Grab some coffee, because installing and compiling dependencies can take quite some time to run. If you don't yet have a Copernicus account, you can create one while you wait for the compilation to complete.

List of datasets and terms of use

The GlobalEnergyGIS package makes use of the following datasets. By using this package, you agree to abide by their terms of use. Please click the links to open the terms of use in your browser.

Setup and data preparation

1. Create Copernicus account

GlobalEnergyGIS is based on several public datasets, most notably the ERA5 reanalysis by the ECMWF (European Centre for Medium-Range Weather Forecasts). The reanalysis data is used to calculate hourly solar insolation and wind speeds for any location on earth. To download ERA5 data you need to create a free account at the Copernicus Data Service (CDS).
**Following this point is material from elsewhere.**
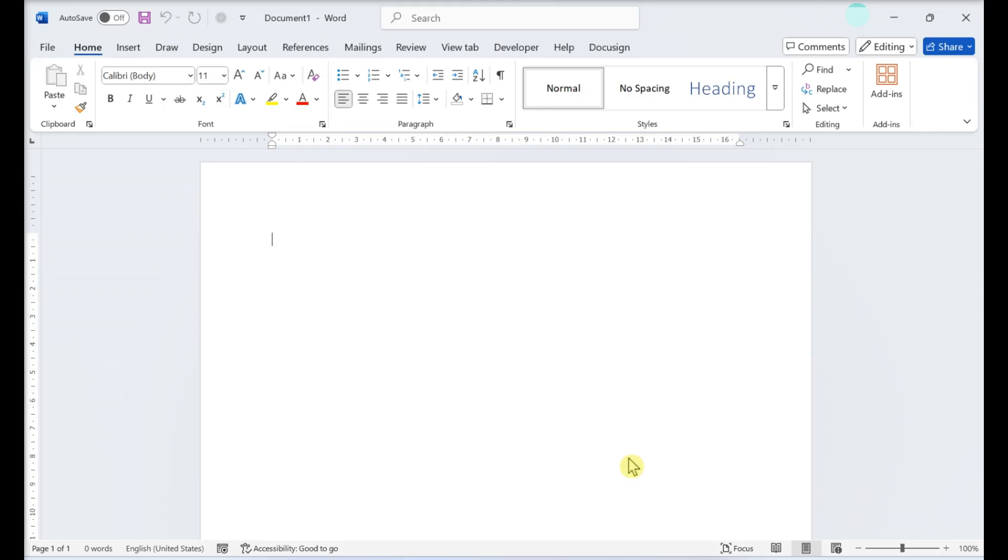This video will teach you how to create a questionnaire in Word on Windows. Open Word and make sure the Developer tab is visible.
2. Create config files and agree to dataset terms

Now we will create two config files that will keep track of your preferred data storage path and your Copernicus ID.
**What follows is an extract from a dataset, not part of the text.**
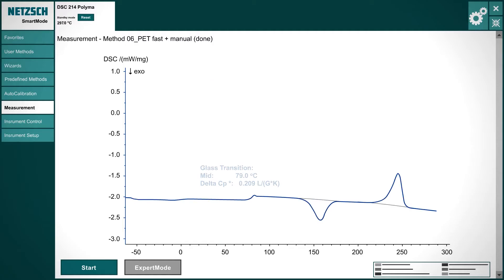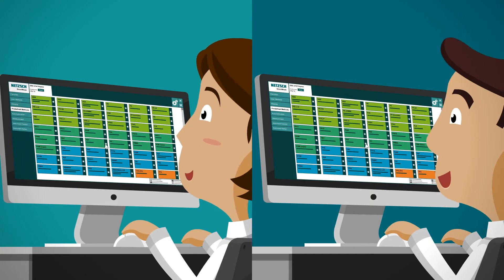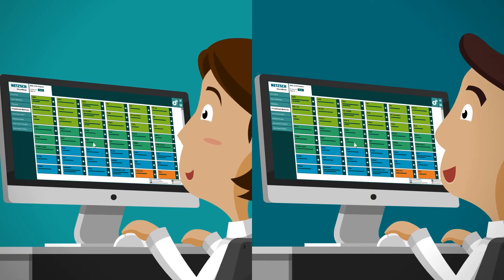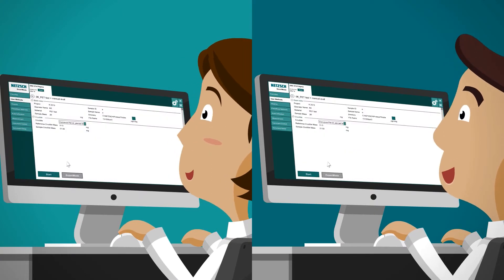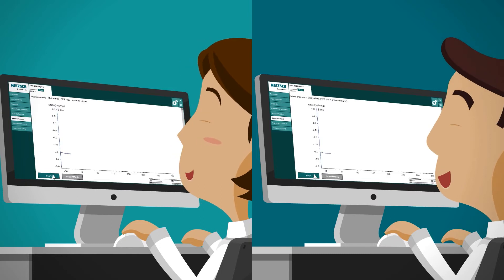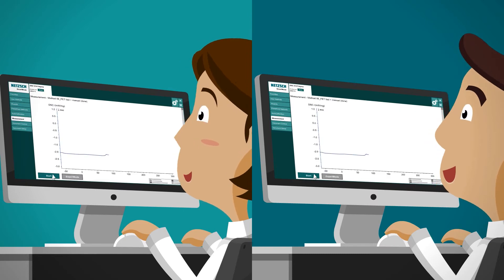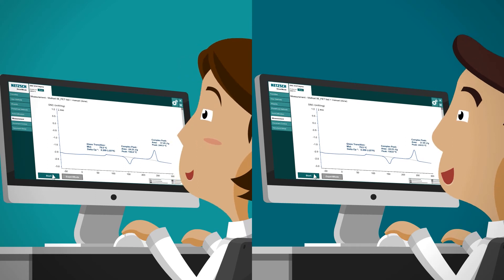Pre-defined measurement methods allow every team member to work with the same settings. Auto-evaluation provides automatic evaluation conform to standards, yielding one-click results that are free from the influence of any individual user.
Since the datasets will require a lot of disk space (see hardware requirements above), the package allows you to store all data on a secondary disk drive if you have one available. For example, if you have a fast SSD as a boot drive and a larger HDD, then consider storing the data on the HDD. It may also be a good idea to choose a storage location which doesn't get automatically backuped if your backup storage or bandwidth is limited.

Login to your Copernicus account and go to your profile page (click your name in the upper right), then scroll down to the API key section. Here you will find your user ID (UID) and the long API key string that needs to be copy/pasted to the command below.

Run saveconfig(folder_path, Copernicus_UID, "your API key", agree_terms=true) and substitute your own Copernicus data to create a small configuration file (.cdsapirc) in your home directory. Use forward slash / or double backslashes \\ as folder delimiters in the path string. For example:

julia> using GlobalEnergyGIS

julia> saveconfig("D:/GISdata", 12345, "abcdef123-ab12-cd34-ef56-abcdef123456", agree_terms=true)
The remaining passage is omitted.